• _What is being asked_: Leaving out the pictures, reproduce each record exactly and in full.

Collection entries
-=-=-

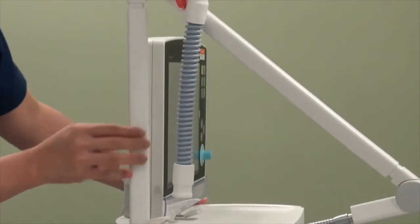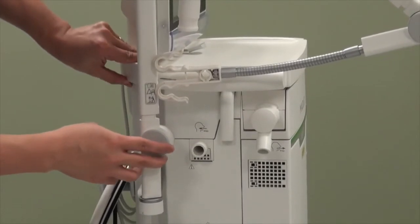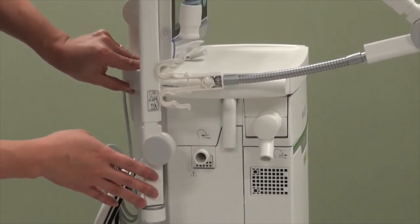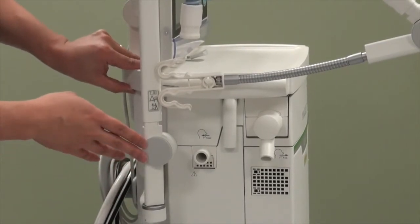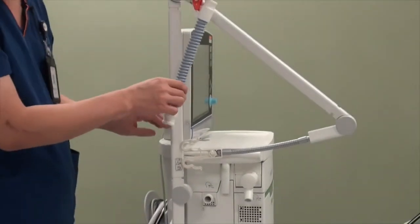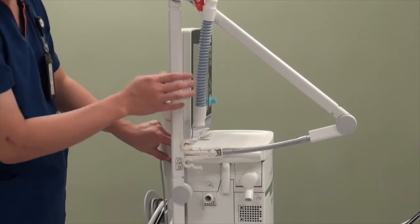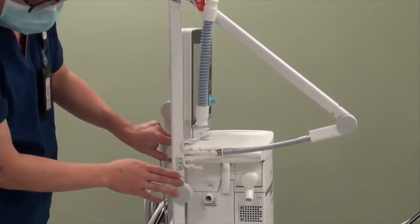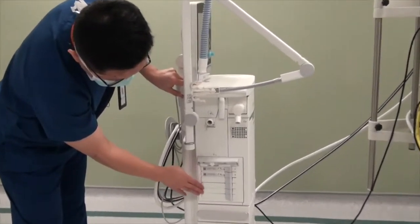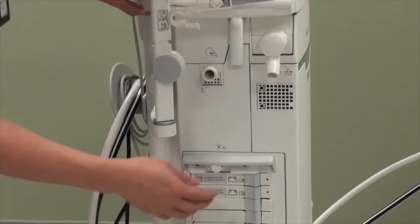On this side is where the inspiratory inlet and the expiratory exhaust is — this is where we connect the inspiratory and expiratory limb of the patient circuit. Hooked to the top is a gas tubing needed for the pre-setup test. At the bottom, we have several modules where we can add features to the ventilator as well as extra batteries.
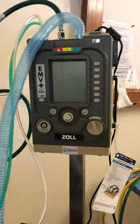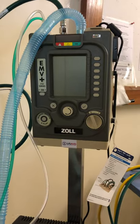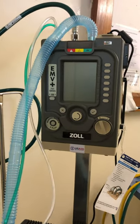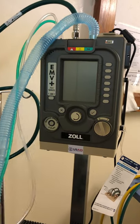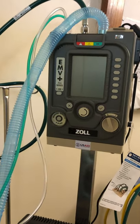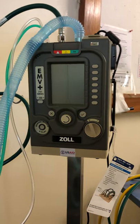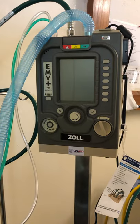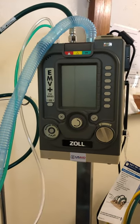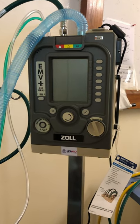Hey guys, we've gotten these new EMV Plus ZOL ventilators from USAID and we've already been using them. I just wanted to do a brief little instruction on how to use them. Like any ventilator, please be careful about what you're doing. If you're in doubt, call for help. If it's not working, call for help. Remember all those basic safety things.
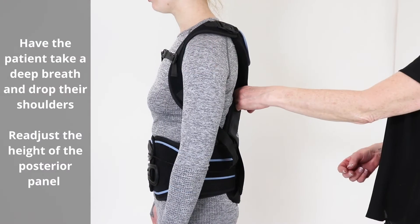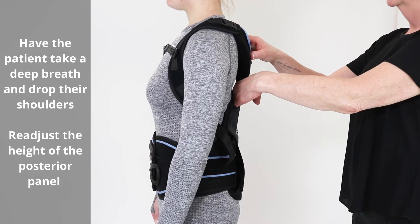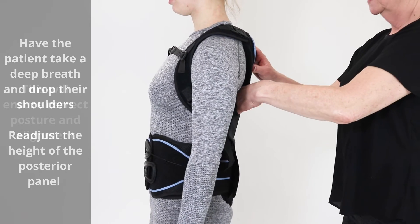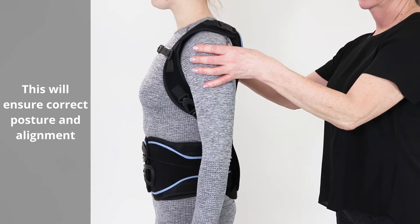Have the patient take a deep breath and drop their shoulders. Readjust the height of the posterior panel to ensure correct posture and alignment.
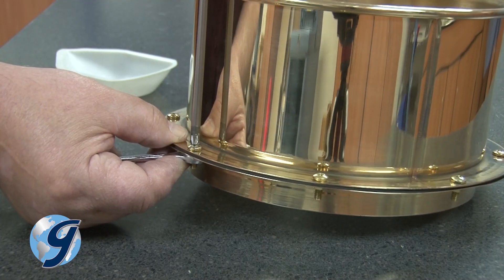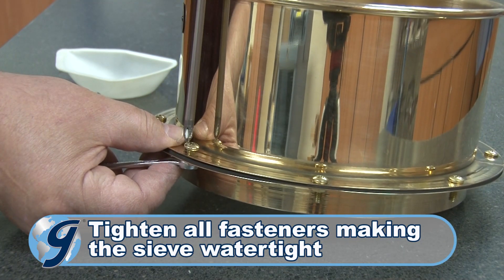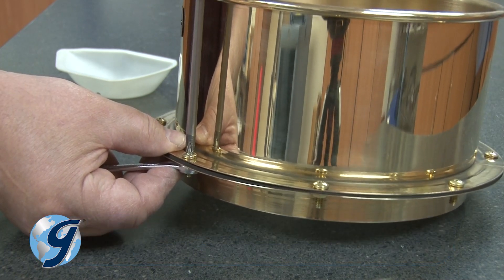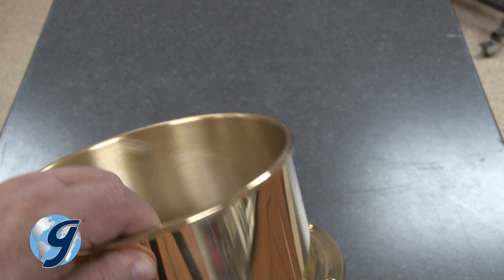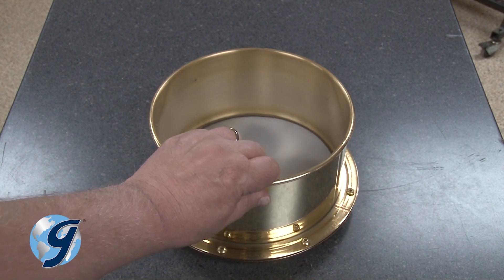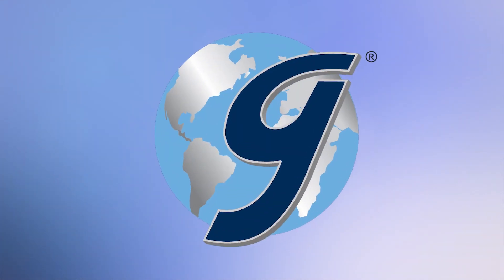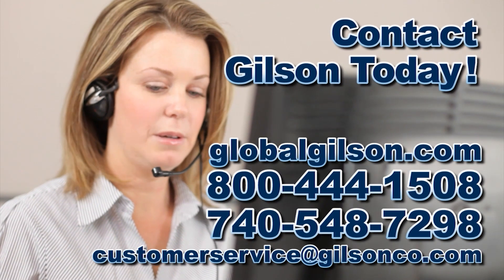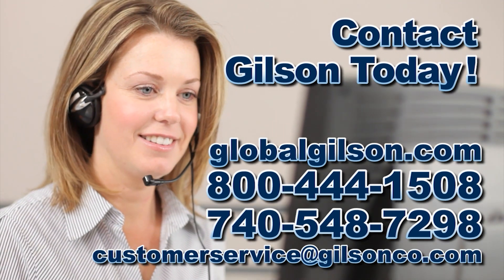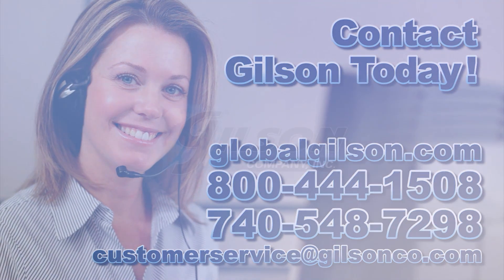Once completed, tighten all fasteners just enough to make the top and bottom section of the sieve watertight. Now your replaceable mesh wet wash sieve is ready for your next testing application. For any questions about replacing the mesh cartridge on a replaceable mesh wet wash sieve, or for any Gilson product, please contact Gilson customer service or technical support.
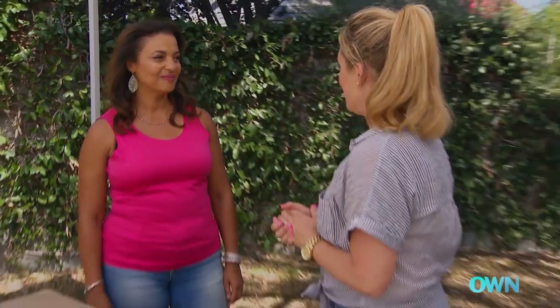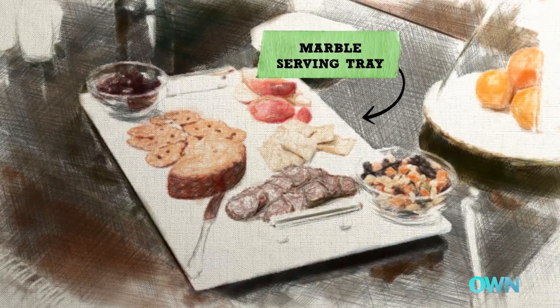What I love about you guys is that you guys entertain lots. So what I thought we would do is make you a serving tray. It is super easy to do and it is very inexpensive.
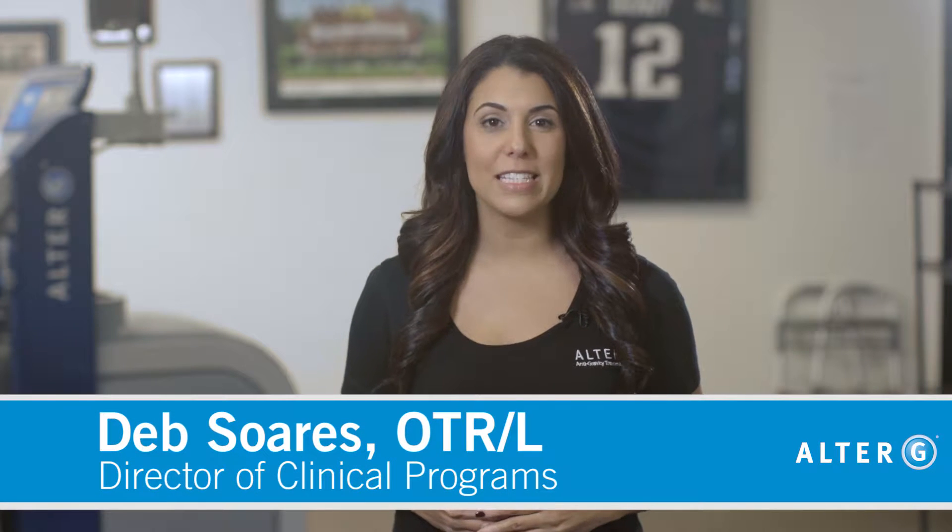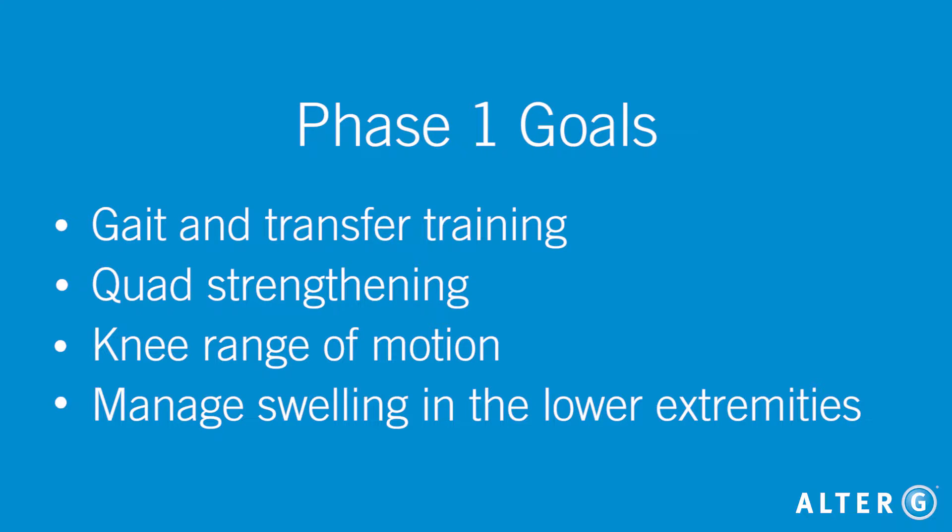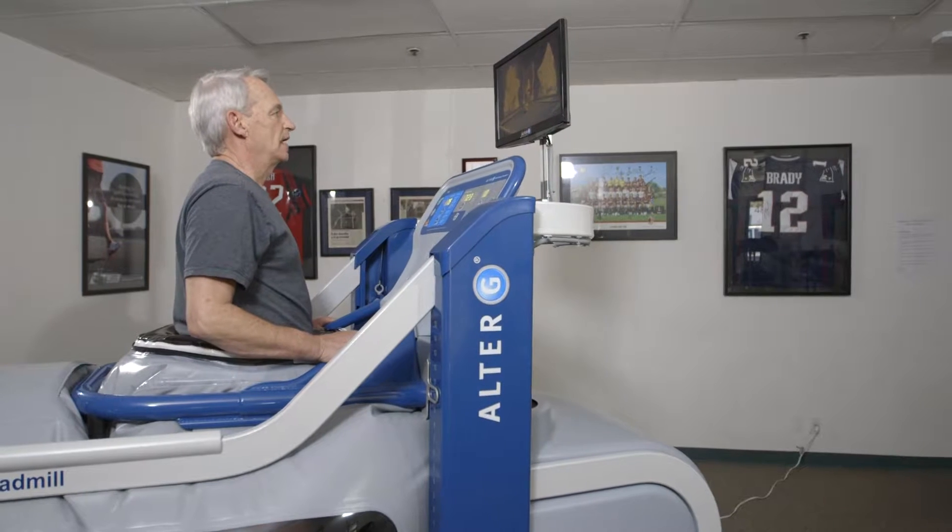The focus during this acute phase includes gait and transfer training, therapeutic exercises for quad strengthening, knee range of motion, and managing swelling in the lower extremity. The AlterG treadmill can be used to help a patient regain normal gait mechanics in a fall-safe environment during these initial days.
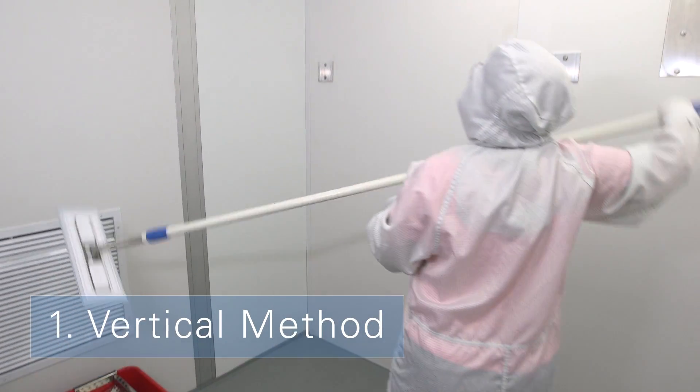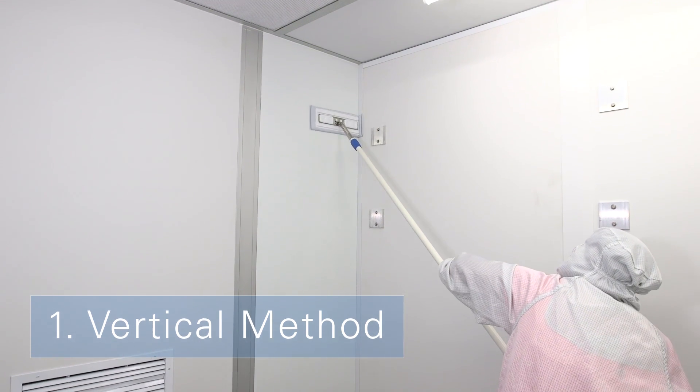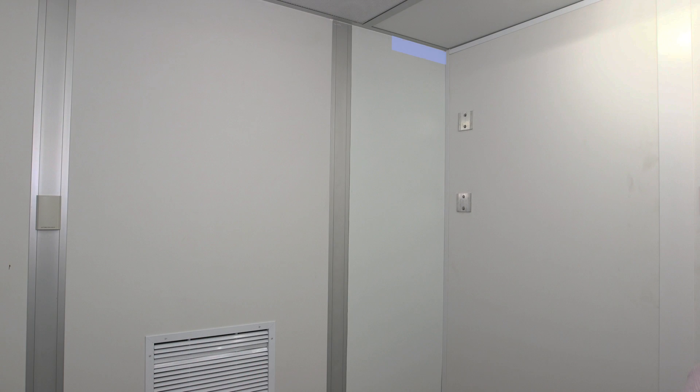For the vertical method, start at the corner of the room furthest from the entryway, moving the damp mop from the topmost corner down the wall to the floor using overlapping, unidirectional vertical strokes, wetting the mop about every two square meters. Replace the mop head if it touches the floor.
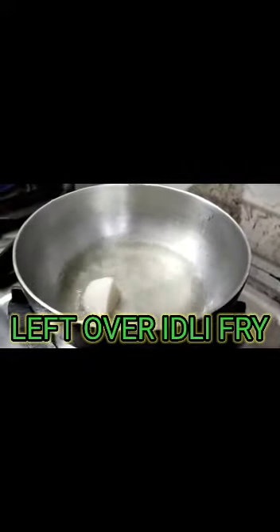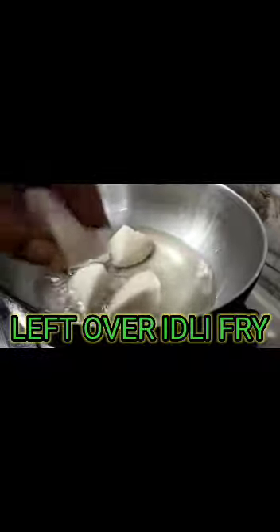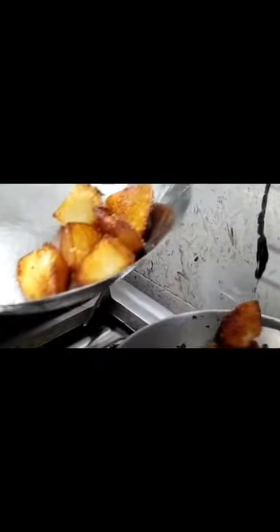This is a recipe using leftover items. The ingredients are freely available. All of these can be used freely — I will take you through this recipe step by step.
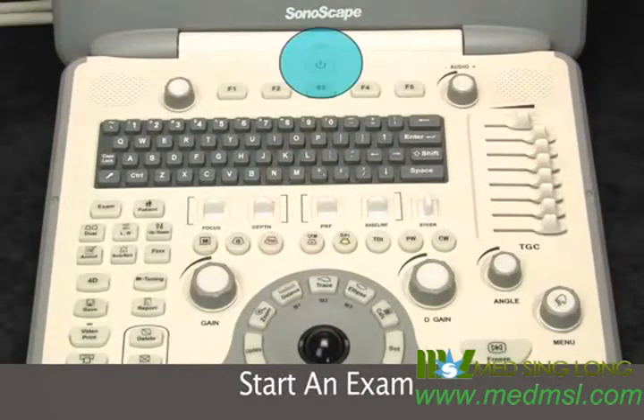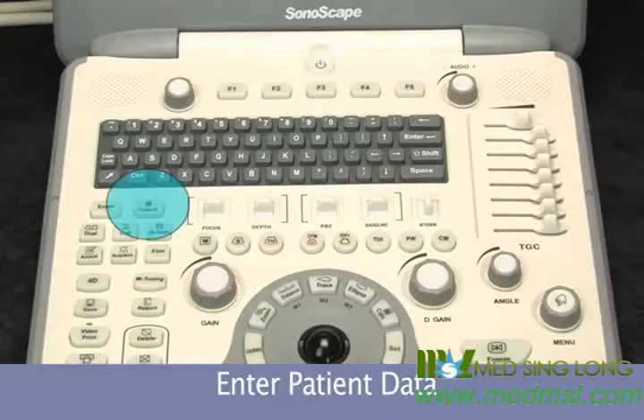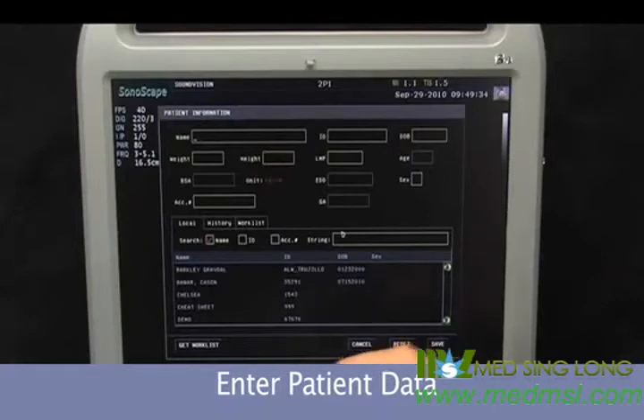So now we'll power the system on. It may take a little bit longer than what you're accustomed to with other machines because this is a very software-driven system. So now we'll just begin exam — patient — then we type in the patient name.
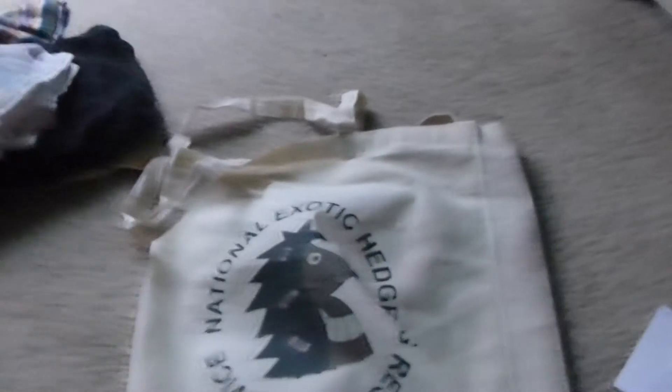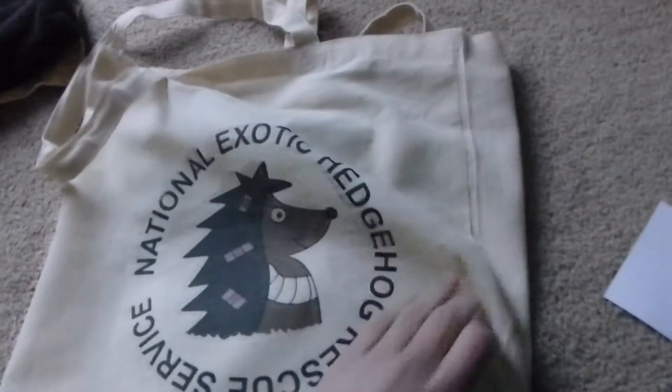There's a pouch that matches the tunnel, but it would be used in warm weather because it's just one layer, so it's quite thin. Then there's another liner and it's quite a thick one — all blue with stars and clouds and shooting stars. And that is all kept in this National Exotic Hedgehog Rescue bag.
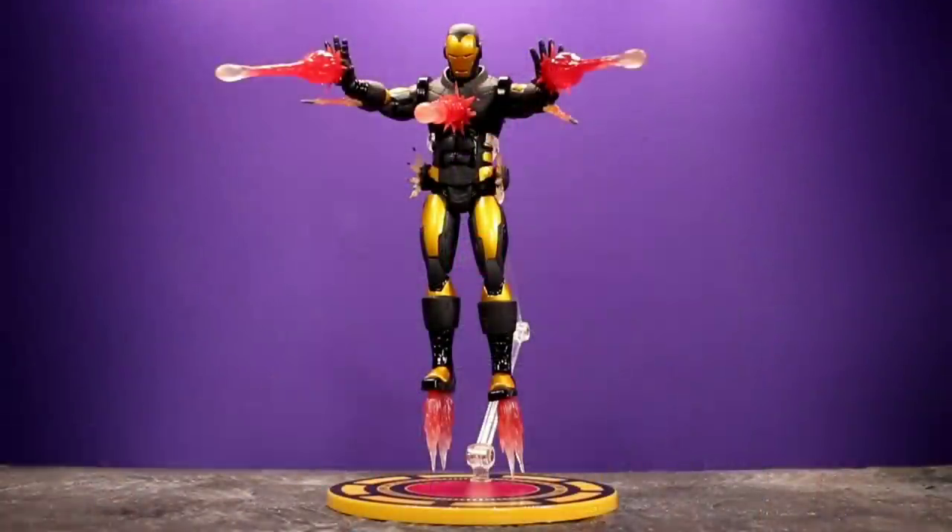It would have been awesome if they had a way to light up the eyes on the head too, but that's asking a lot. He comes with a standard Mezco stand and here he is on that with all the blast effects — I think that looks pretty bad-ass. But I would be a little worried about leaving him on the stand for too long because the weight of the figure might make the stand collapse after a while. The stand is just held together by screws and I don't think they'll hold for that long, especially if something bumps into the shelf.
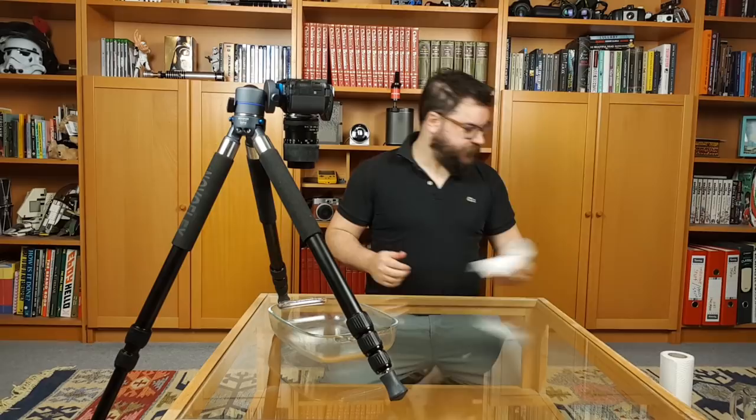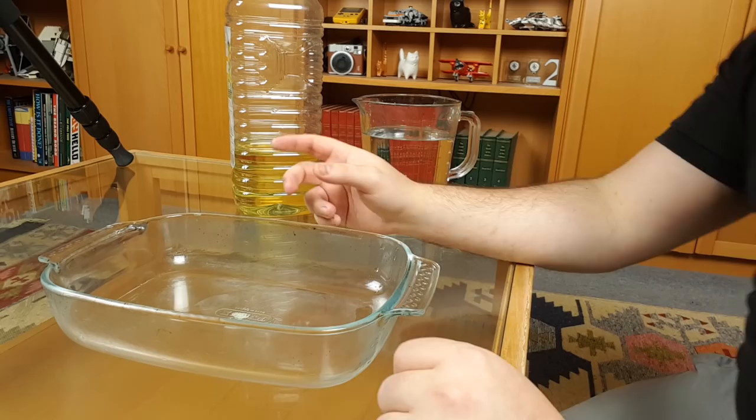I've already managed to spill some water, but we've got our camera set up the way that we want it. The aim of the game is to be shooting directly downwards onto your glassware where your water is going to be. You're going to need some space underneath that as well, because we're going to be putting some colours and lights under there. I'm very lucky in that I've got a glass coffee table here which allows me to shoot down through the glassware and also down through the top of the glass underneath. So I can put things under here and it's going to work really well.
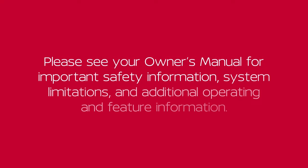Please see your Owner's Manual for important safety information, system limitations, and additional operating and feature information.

-=-=-

• _Result for this task_:
On this side is where the inspiratory inlet and the expiratory exhaust is — this is where we connect the inspiratory and expiratory limb of the patient circuit. Hooked to the top is a gas tubing needed for the pre-setup test. At the bottom, we have several modules where we can add features to the ventilator as well as extra batteries.
Hey guys, we've gotten these new EMV Plus ZOL ventilators from USAID and we've already been using them. I just wanted to do a brief little instruction on how to use them. Like any ventilator, please be careful about what you're doing. If you're in doubt, call for help. If it's not working, call for help. Remember all those basic safety things.
Have the patient take a deep breath and drop their shoulders. Readjust the height of the posterior panel to ensure correct posture and alignment.
Once completed, tighten all fasteners just enough to make the top and bottom section of the sieve watertight. Now your replaceable mesh wet wash sieve is ready for your next testing application. For any questions about replacing the mesh cartridge on a replaceable mesh wet wash sieve, or for any Gilson product, please contact Gilson customer service or technical support.
What I love about you guys is that you guys entertain lots. So what I thought we would do is make you a serving tray. It is super easy to do and it is very inexpensive.
The focus during this acute phase includes gait and transfer training, therapeutic exercises for quad strengthening, knee range of motion, and managing swelling in the lower extremity. The AlterG treadmill can be used to help a patient regain normal gait mechanics in a fall-safe environment during these initial days.
For the vertical method, start at the corner of the room furthest from the entryway, moving the damp mop from the topmost corner down the wall to the floor using overlapping, unidirectional vertical strokes, wetting the mop about every two square meters. Replace the mop head if it touches the floor.
This is a recipe using leftover items. The ingredients are freely available. All of these can be used freely — I will take you through this recipe step by step.
So now we'll power the system on. It may take a little bit longer than what you're accustomed to with other machines because this is a very software-driven system. So now we'll just begin exam — patient — then we type in the patient name.
There's a pouch that matches the tunnel, but it would be used in warm weather because it's just one layer, so it's quite thin. Then there's another liner and it's quite a thick one — all blue with stars and clouds and shooting stars. And that is all kept in this National Exotic Hedgehog Rescue bag.
It would have been awesome if they had a way to light up the eyes on the head too, but that's asking a lot. He comes with a standard Mezco stand and here he is on that with all the blast effects — I think that looks pretty bad-ass. But I would be a little worried about leaving him on the stand for too long because the weight of the figure might make the stand collapse after a while. The stand is just held together by screws and I don't think they'll hold for that long, especially if something bumps into the shelf.
I've already managed to spill some water, but we've got our camera set up the way that we want it. The aim of the game is to be shooting directly downwards onto your glassware where your water is going to be. You're going to need some space underneath that as well, because we're going to be putting some colours and lights under there. I'm very lucky in that I've got a glass coffee table here which allows me to shoot down through the glassware and also down through the top of the glass underneath. So I can put things under here and it's going to work really well.
Please see your Owner's Manual for important safety information, system limitations, and additional operating and feature information.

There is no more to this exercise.